- **Activity**: Transcribe the line holding "丁俊晖与塞尔比巅峰对决谁将书写斯诺克历史新篇章 丁俊晖与" together with every line after it, through the end of the records, exactly and with no pictures.

Task inputs below:

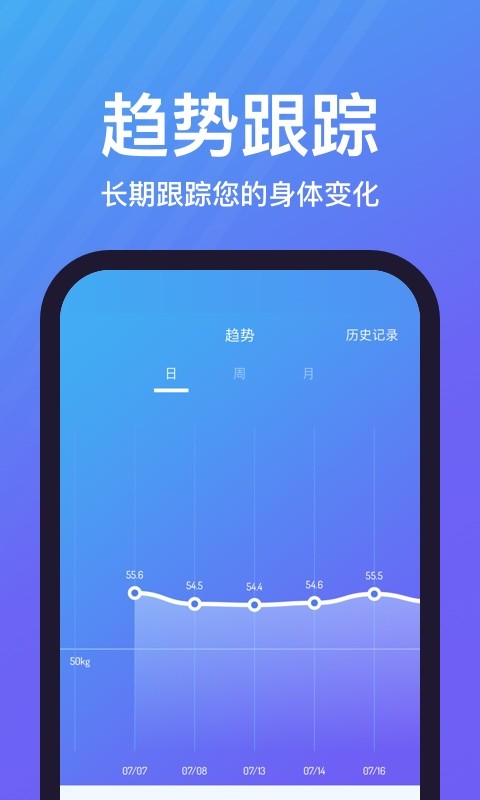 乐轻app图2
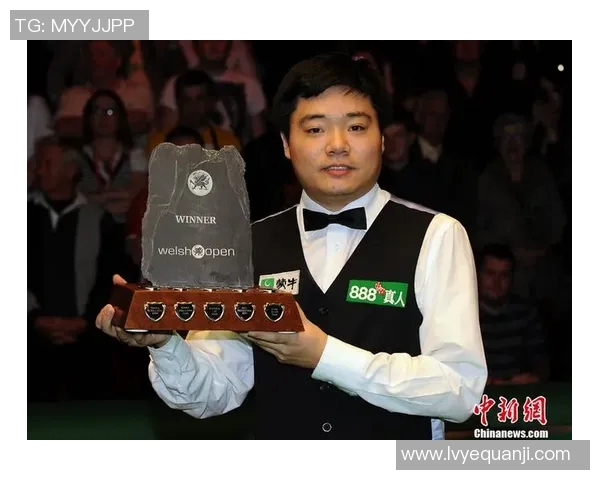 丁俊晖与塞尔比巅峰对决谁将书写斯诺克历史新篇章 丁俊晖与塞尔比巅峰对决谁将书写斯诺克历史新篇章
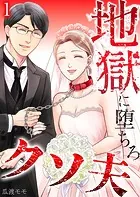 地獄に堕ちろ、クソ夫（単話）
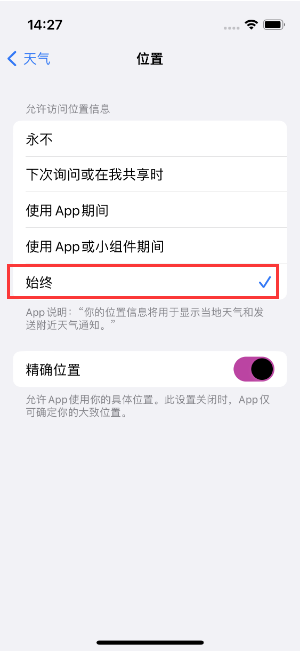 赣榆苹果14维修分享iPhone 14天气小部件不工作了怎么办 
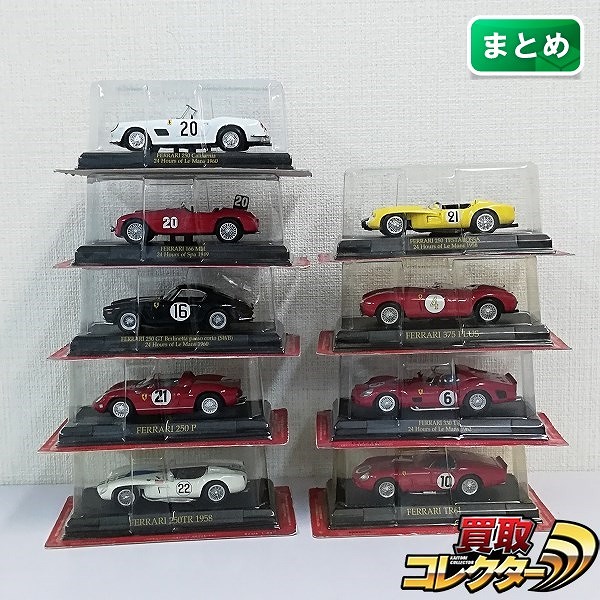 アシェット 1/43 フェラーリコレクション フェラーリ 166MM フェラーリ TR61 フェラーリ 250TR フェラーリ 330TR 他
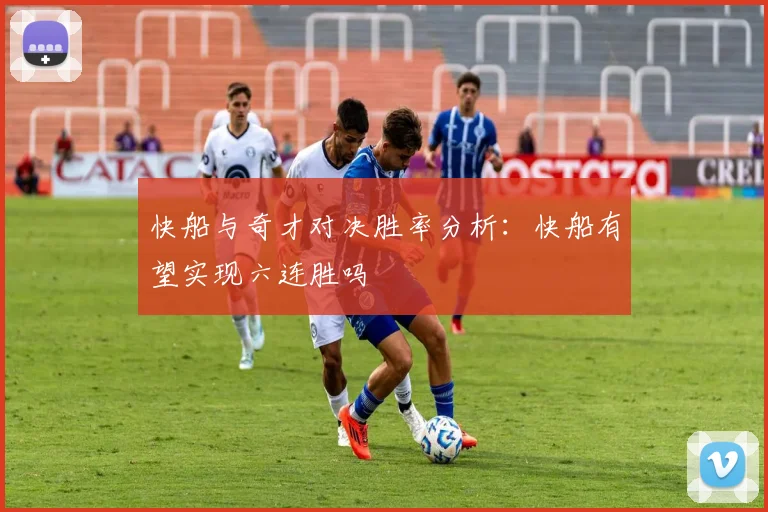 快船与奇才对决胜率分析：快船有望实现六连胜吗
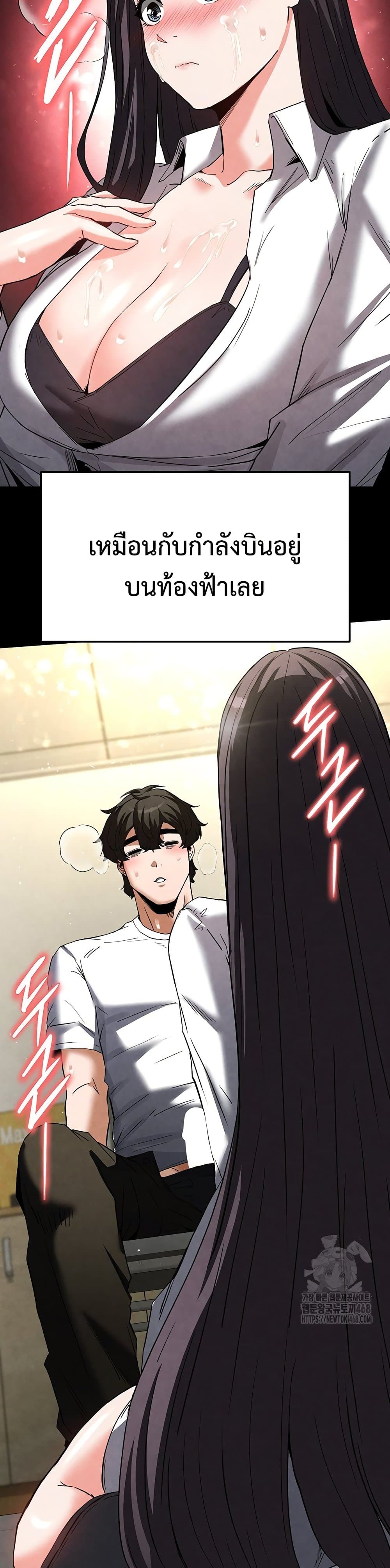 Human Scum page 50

End of Task inputs.

- **Response for this exercise**:
 丁俊晖与塞尔比巅峰对决谁将书写斯诺克历史新篇章 丁俊晖与塞尔比巅峰对决谁将书写斯诺克历史新篇章
 地獄に堕ちろ、クソ夫（単話）
 赣榆苹果14维修分享iPhone 14天气小部件不工作了怎么办 
 アシェット 1/43 フェラーリコレクション フェラーリ 166MM フェラーリ TR61 フェラーリ 250TR フェラーリ 330TR 他
 快船与奇才对决胜率分析：快船有望实现六连胜吗
 Human Scum page 50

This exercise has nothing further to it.